Web page caption snippets:
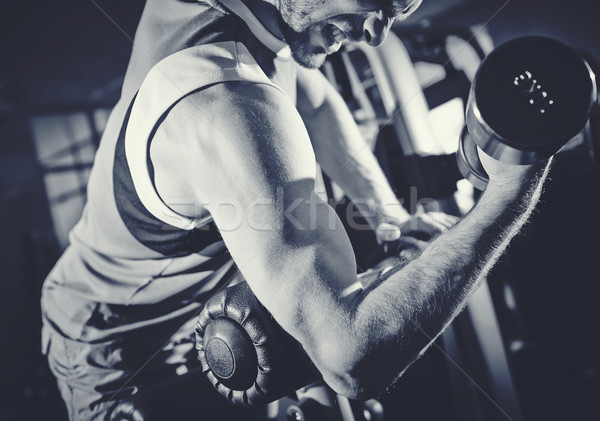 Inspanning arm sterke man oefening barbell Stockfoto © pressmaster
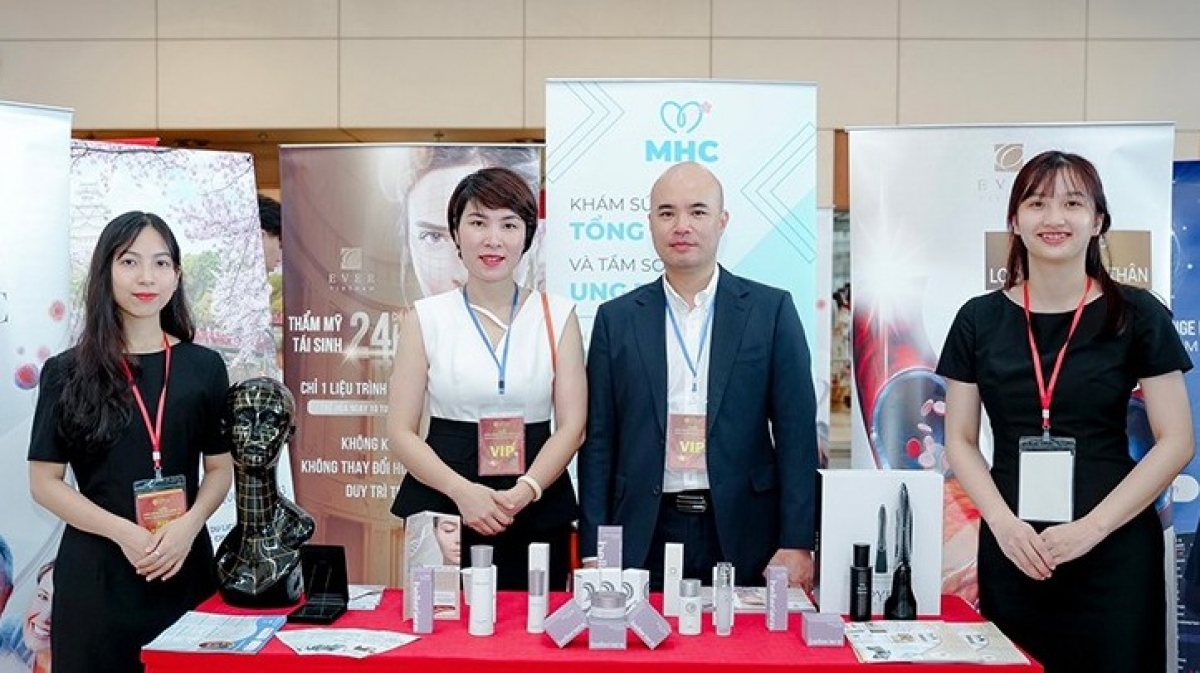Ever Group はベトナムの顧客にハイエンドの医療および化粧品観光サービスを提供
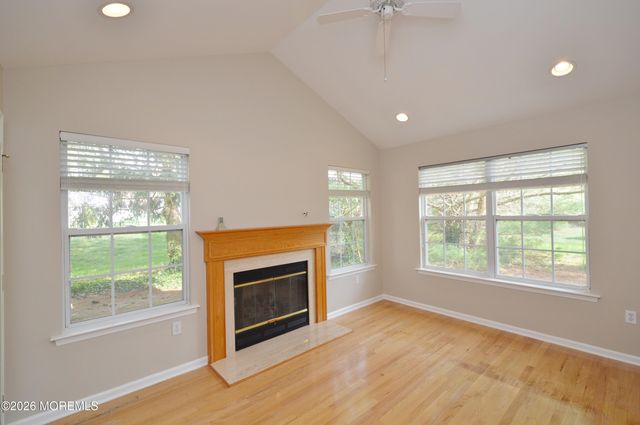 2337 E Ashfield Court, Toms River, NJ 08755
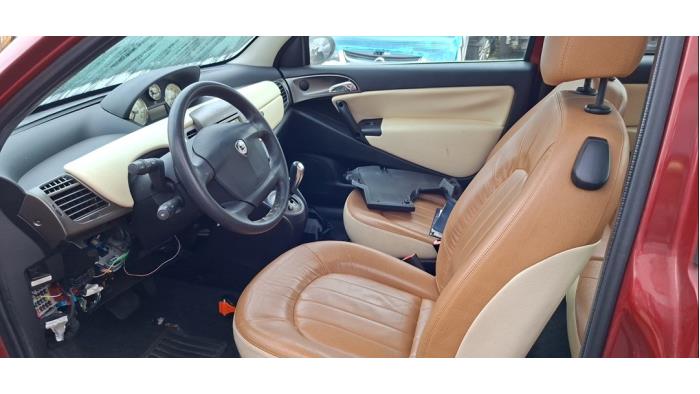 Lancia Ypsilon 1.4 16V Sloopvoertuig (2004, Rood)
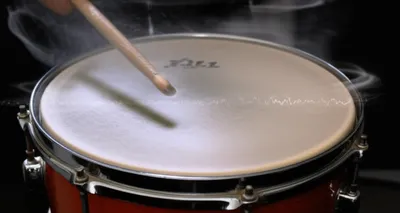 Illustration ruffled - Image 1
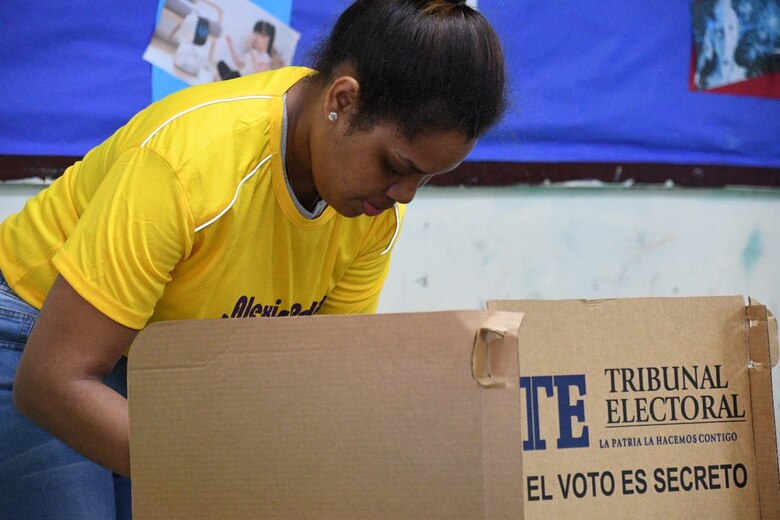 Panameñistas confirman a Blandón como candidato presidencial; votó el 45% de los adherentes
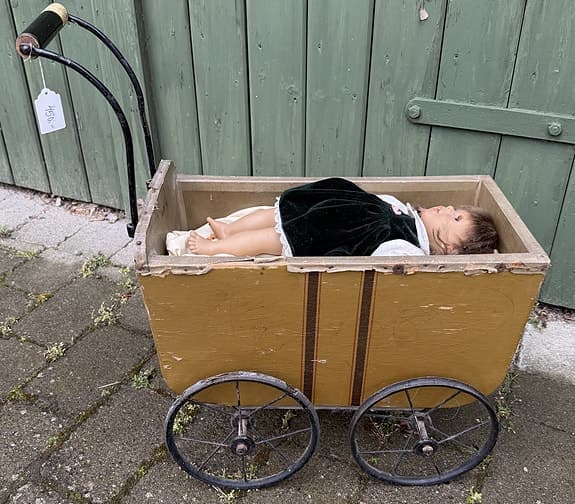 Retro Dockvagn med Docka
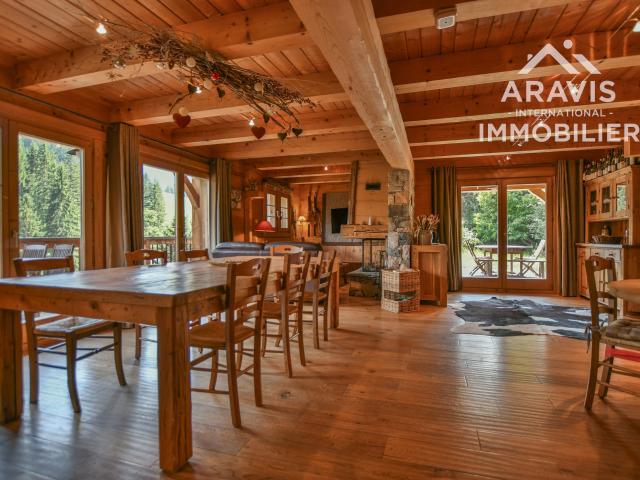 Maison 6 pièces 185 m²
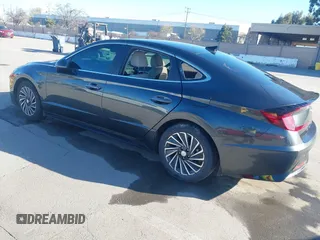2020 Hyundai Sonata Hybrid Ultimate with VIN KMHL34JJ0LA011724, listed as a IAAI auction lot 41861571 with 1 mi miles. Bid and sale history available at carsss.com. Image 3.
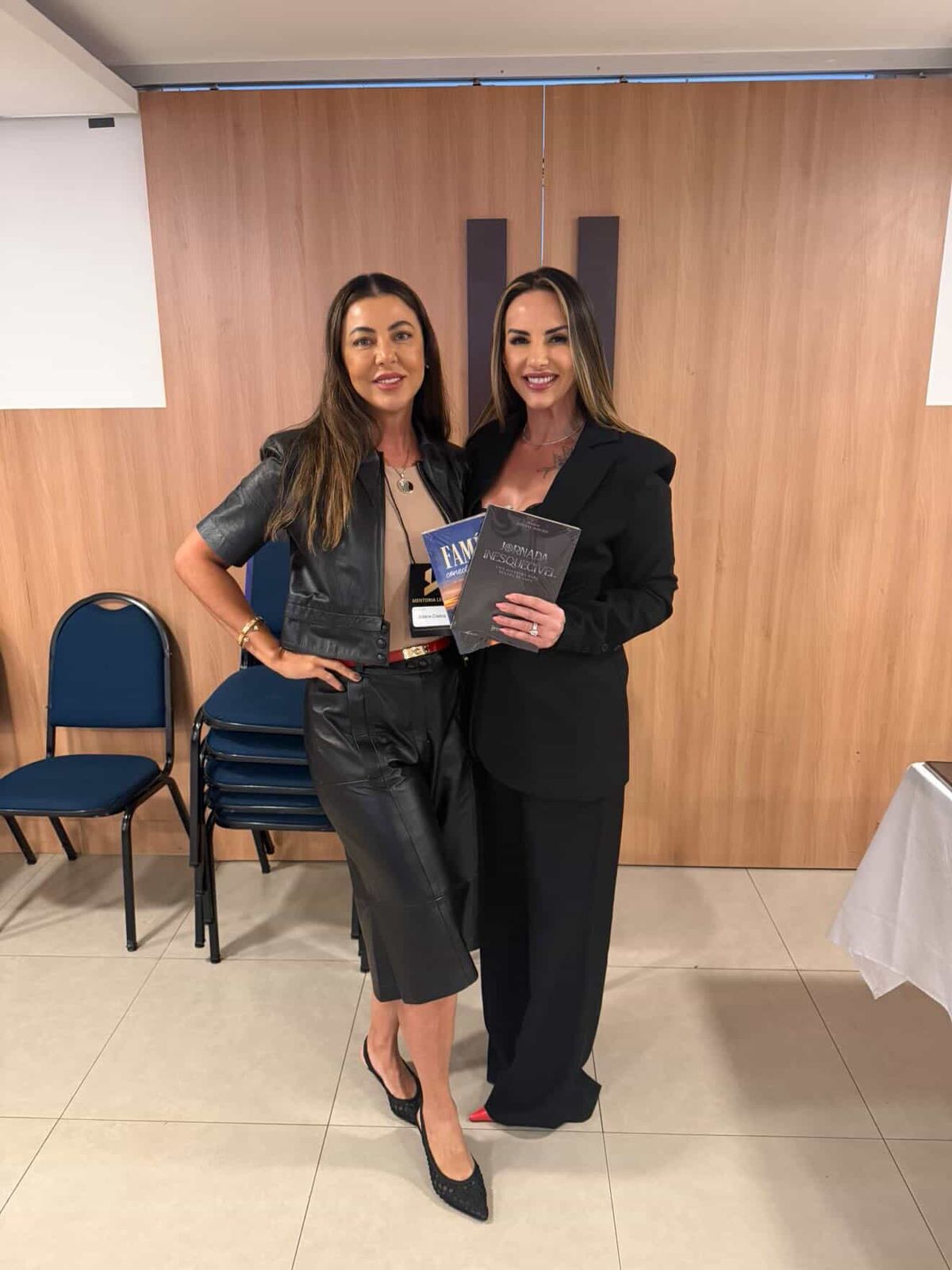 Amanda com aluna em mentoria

• WORK TO BE COMPLETED
Please output the lines of the records above from the one with "2020 Hyundai Sonata" through the last, exactly as they appear and with both ends included; skip any pictures and add nothing.

• OUTPUT
2020 Hyundai Sonata Hybrid Ultimate with VIN KMHL34JJ0LA011724, listed as a IAAI auction lot 41861571 with 1 mi miles. Bid and sale history available at carsss.com. Image 3.
 Amanda com aluna em mentoria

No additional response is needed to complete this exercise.